This edition's Fraud of the Week features several fraud cases and is reprinted with permission from the Coalition Against Insurance Fraud.

"Operation Collateral Damage" crashed Northern California auto body shops this week. Undercover officers visited 69 Butte and Shasta County body shops to ask for estimates to repair a damaged car. Shop owners or employees were told that damage on one side of the car was from a recent wreck and was covered, and then were asked to fix old damage and still bill insurers. Most shops warned the officers that claiming non-covered damage constituted insurance fraud. But 20 agreed, and now face criminal charges. The California Department of Insurance lists all the shops and suspects at the end of this news release.

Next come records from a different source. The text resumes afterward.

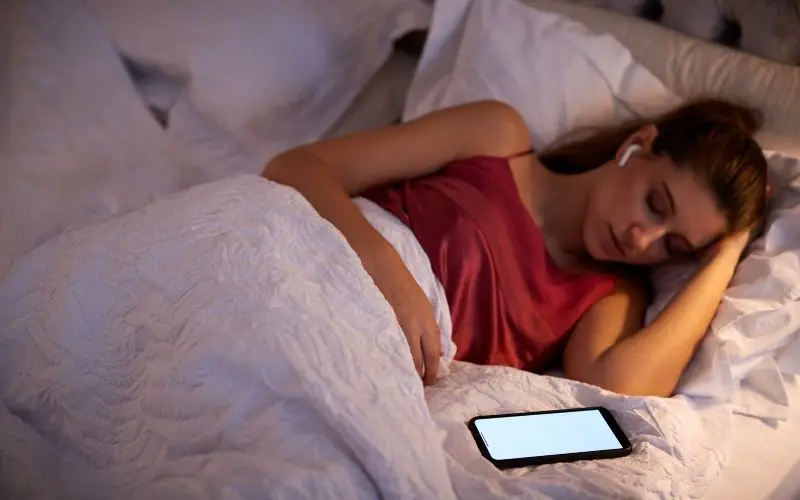 Wireless earbud sleeping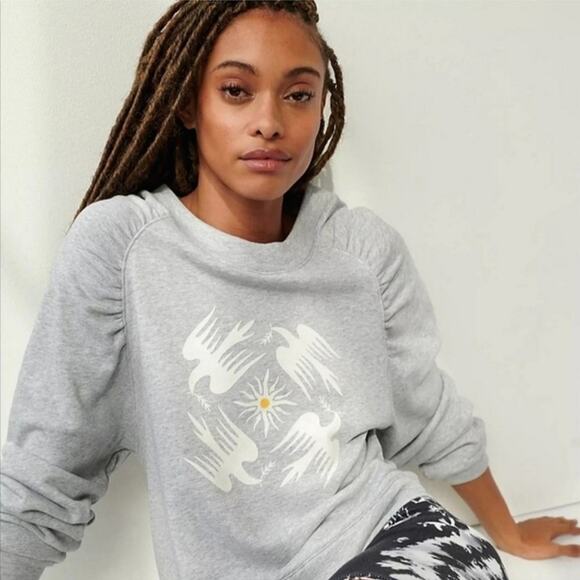 Anthropologie x Jason Yun Dove Crew Neck Long Sleeve Gray Sweatshirt Size XS - Picture 12 of 13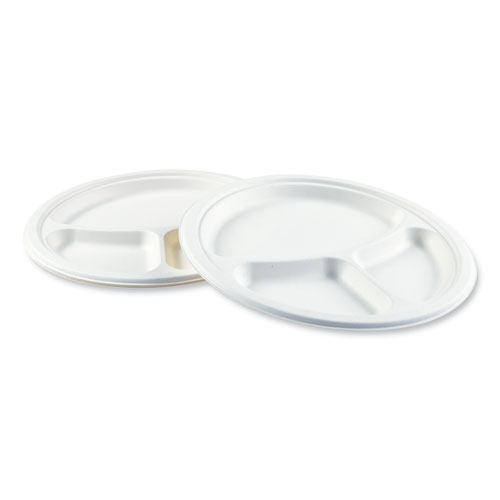 Image of Boardwalk® Bagasse Pfas-Free Dinnerware, Plate, 10" Dia, 3-Compartment, White, 500/Carton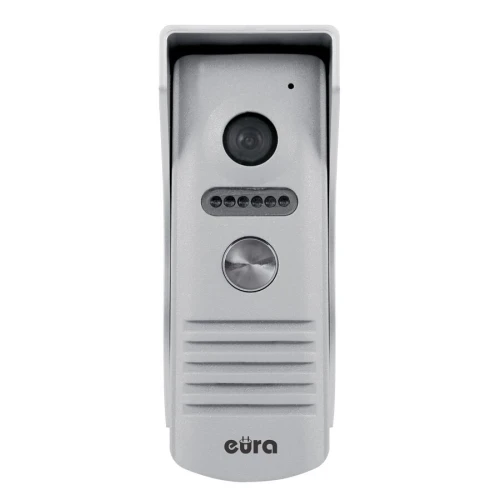 External modular cassette of the EURA VDA-14A3 EURA CONNECT video intercom, single-family, gray, white light.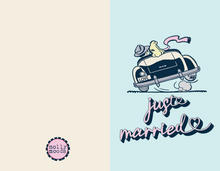 Load image into Gallery viewer, Just Married Vintage Car Couple Greeting Card Printable Digital Download
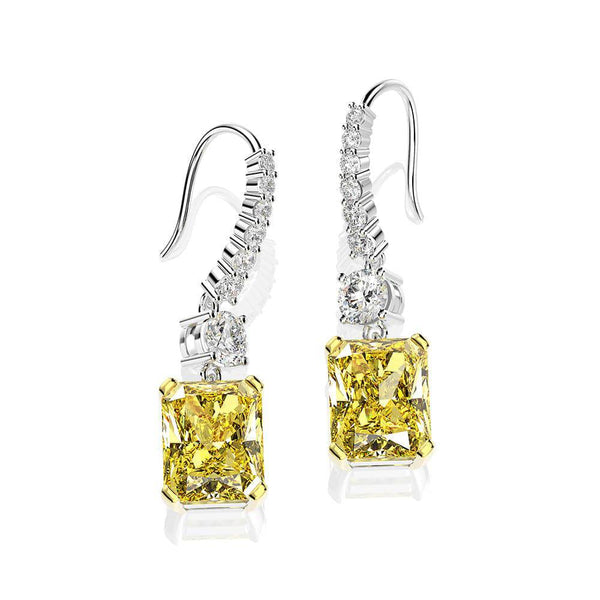 Louily Elegant Radiant Cut Yellow Sapphire 2PC Jewelry Set In Sterling Silver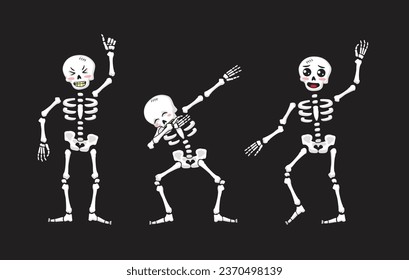 Cute skeletons set in different poses. Cartoon Halloween character. Vector Illustration for Halloween.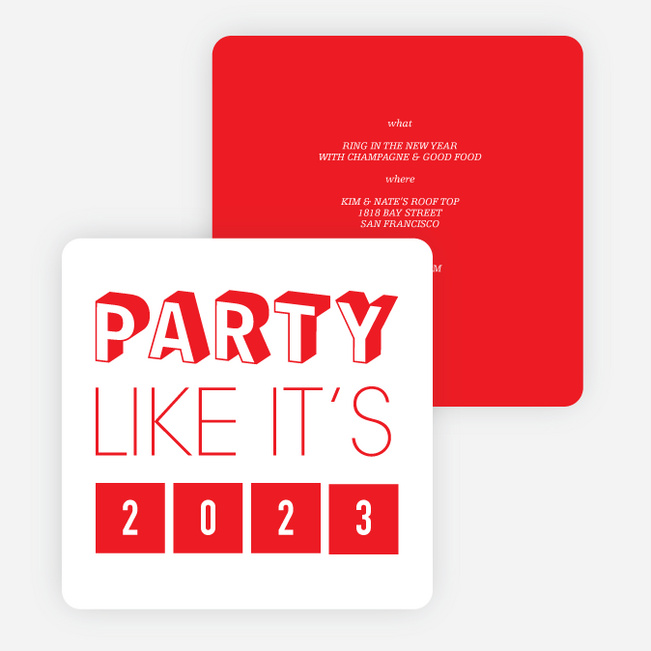 Retro New Year’s Party Invitations - Red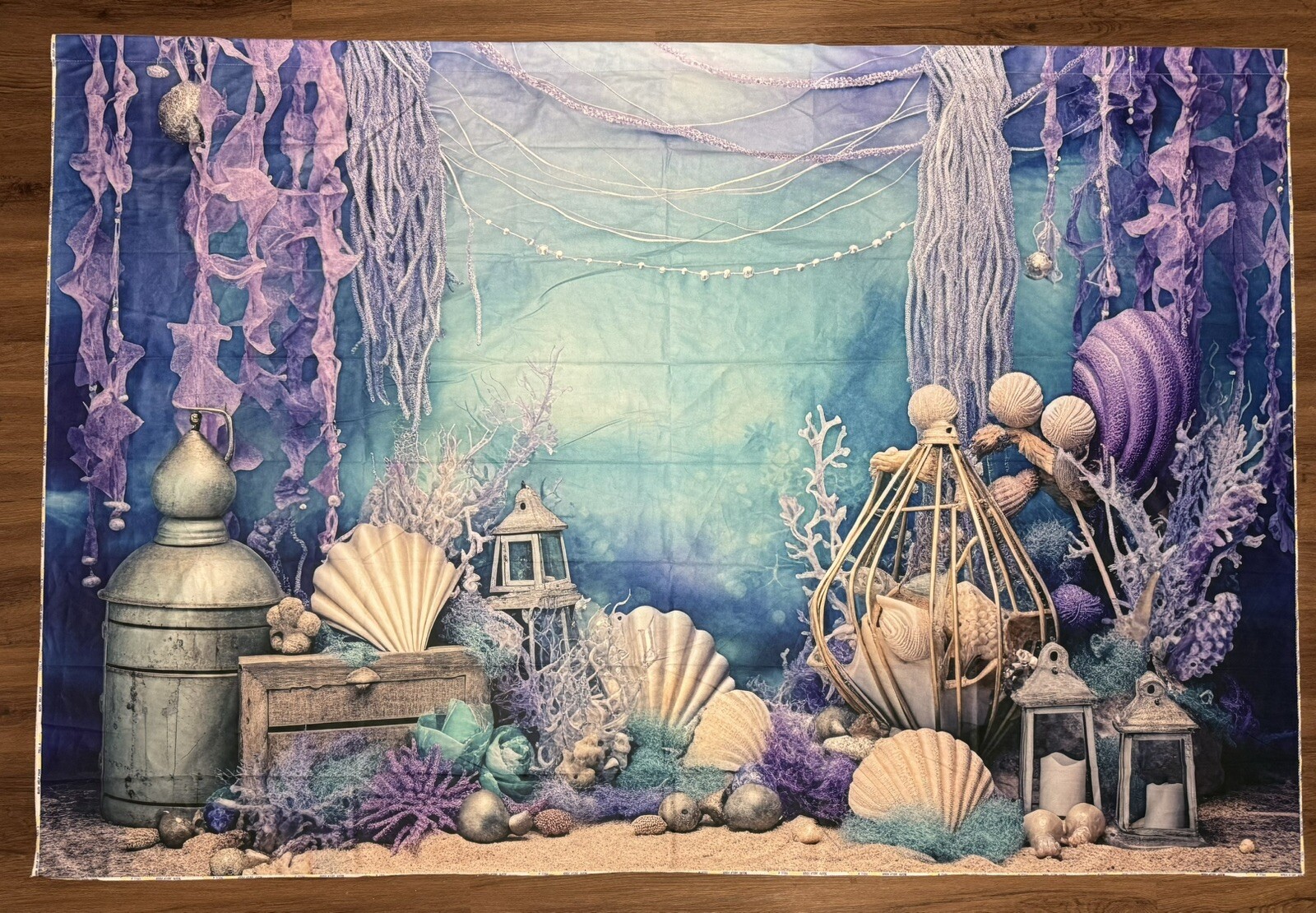 Under The Sea Purple Photography Back Drop Sea Shells Mermaid Theme 7 ft x 5 ft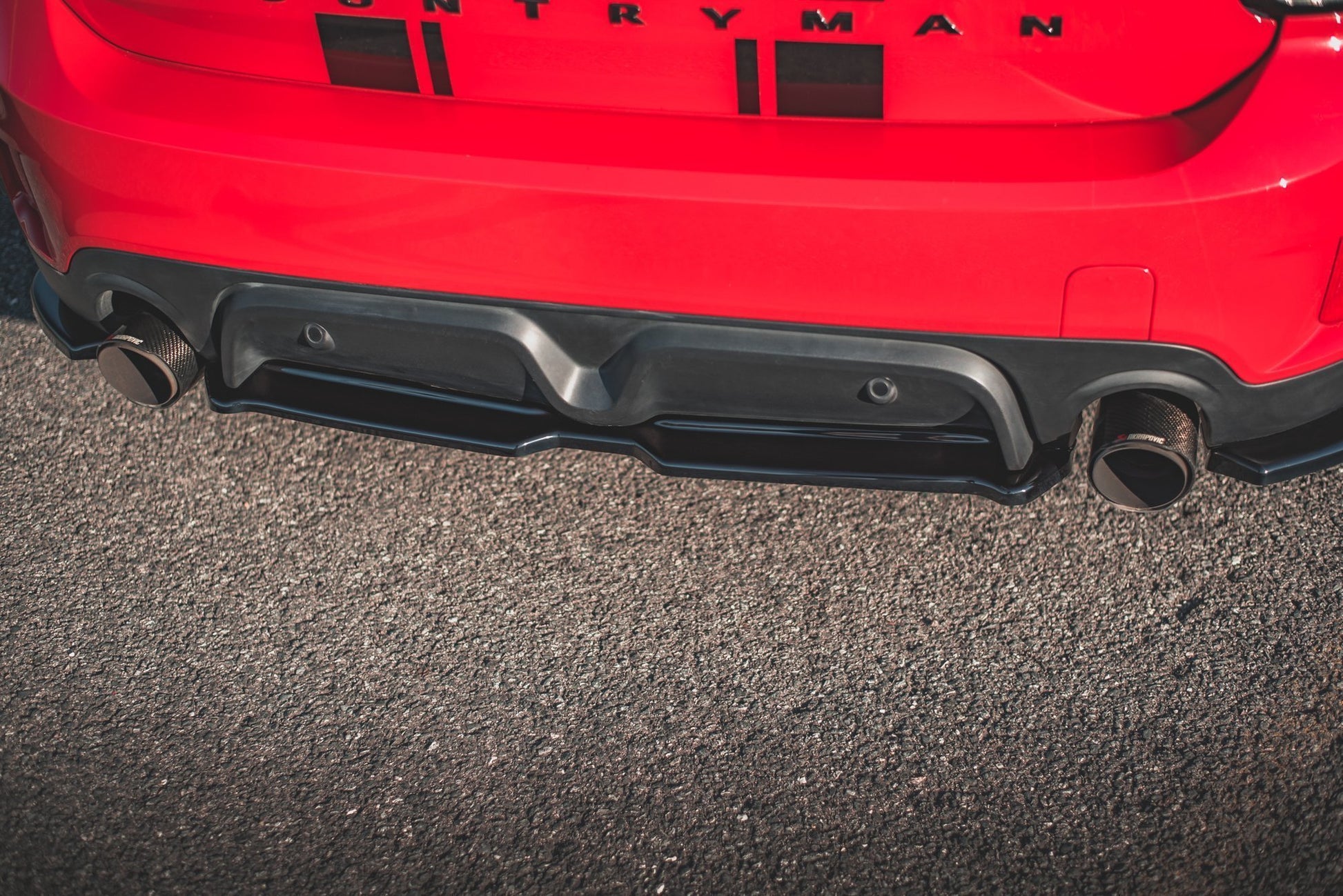 Mittlerer Diffusor Heck Ansatz für Mini Countryman Mk2 F60 JCW schwarz Hochglanz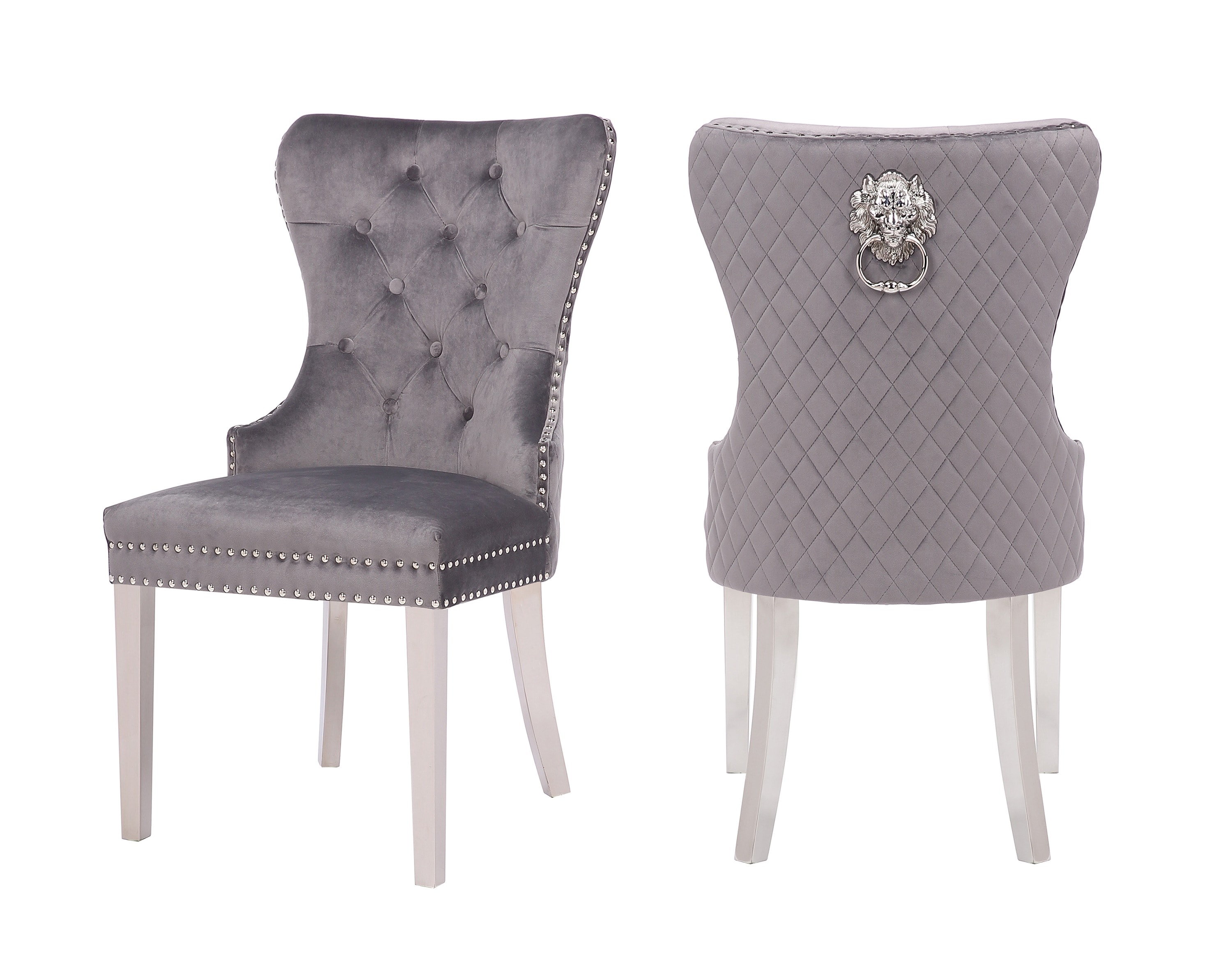 Grey crushed discount velvet dining chairs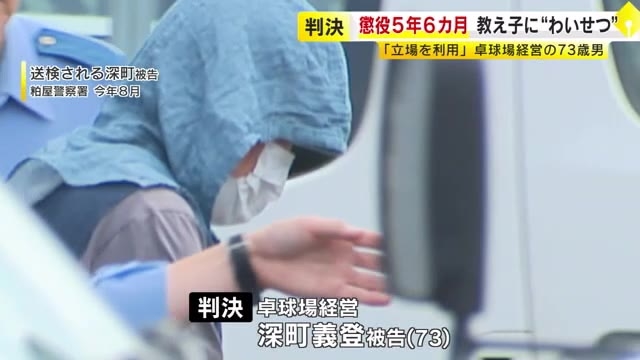 教え子の女子中学生にみだらな行為　卓球場経営の男（73）に懲役5年6カ月の判決　福岡地裁「コーチという立場を利用」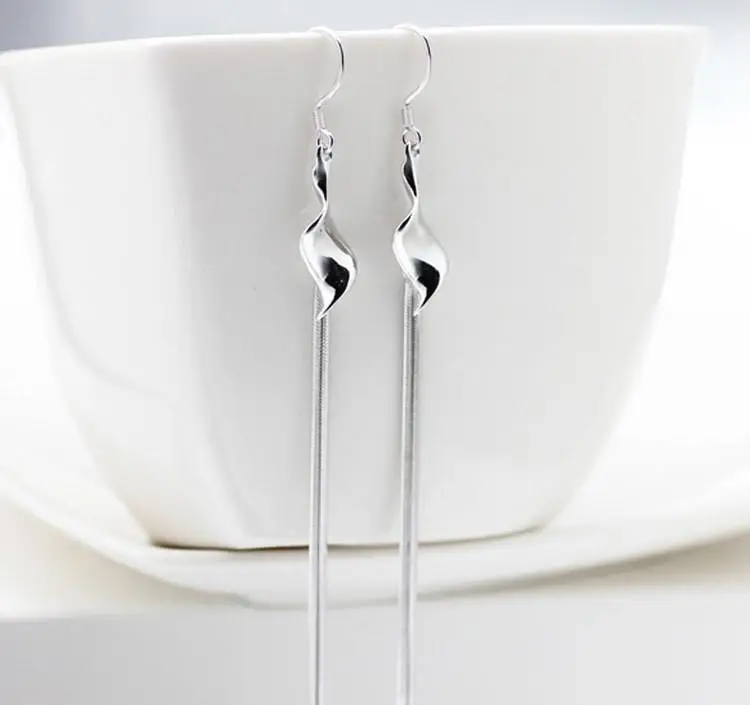 Mildly Silver Exaggerated Twisted Korean jewelry Sale Tassel Version Earrings Piece Fashion earrings pendientes oorbellen hot | Украшения и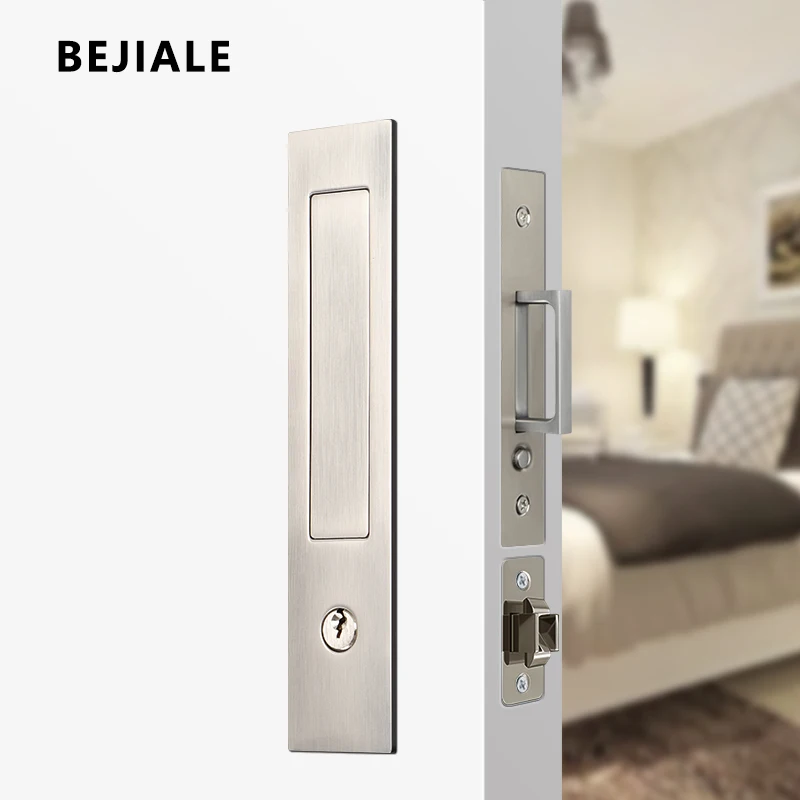 Built-In Pocket Door Lock | Press Spring Hidden Latch | Sliding & Shift Door Lock Hardware - Thumbnail 4
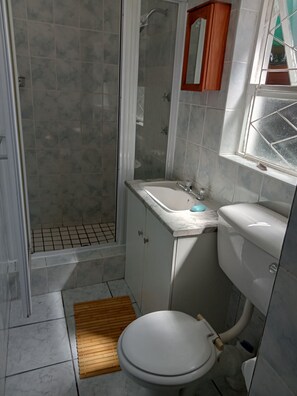 Dusche, Haartrockner, Handtücher, Seife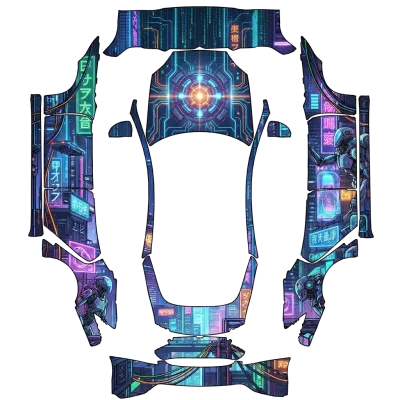Cyberpunk Modell S (Cyberpunk Model S) – Tesla Model S Wrap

A man doused an SUV's interior with charcoal lighter fluid, but the fire soon went out because all the doors were closed, starving the flames of oxygen, a detective claims. That was just one reason this Pennsylvania auto arson case was so easy to solve. Police allege it went down like this: Leonard M. Starzmann II, the owner of the 2004 Jeep Grand Cherokee and an auto repair shop, was on the phone at work, talking with his bank about his problems making payments on the vehicle. He hung up and exclaimed that he needed to get rid of the vehicle. A man named Harley Miller overheard and said he knew people who could make that happen, and Starzmann turned over the keys and $250. A third man drove the Jeep to a remote spot and torched it, police say. Knowing Starzmann was having trouble making his payments, the insurer immediately became suspicious of the theft loss claim.

A man falsified the VIN number of a supposedly stolen pickup truck, registered it in his own name, and then traded it in for another pickup and $6,250 in cash, prosecutors allege. Vincente Arzate of Camarillo, Calif., got the 2003 Chevy Silverado by helping its owners, Luis Enrique Rodriguez and Maria Monica Gonzales, fake its theft and collect almost $12,000 from Republic Insurance, according to arrest warrants. Each person could get up to seven years behind bars if convicted.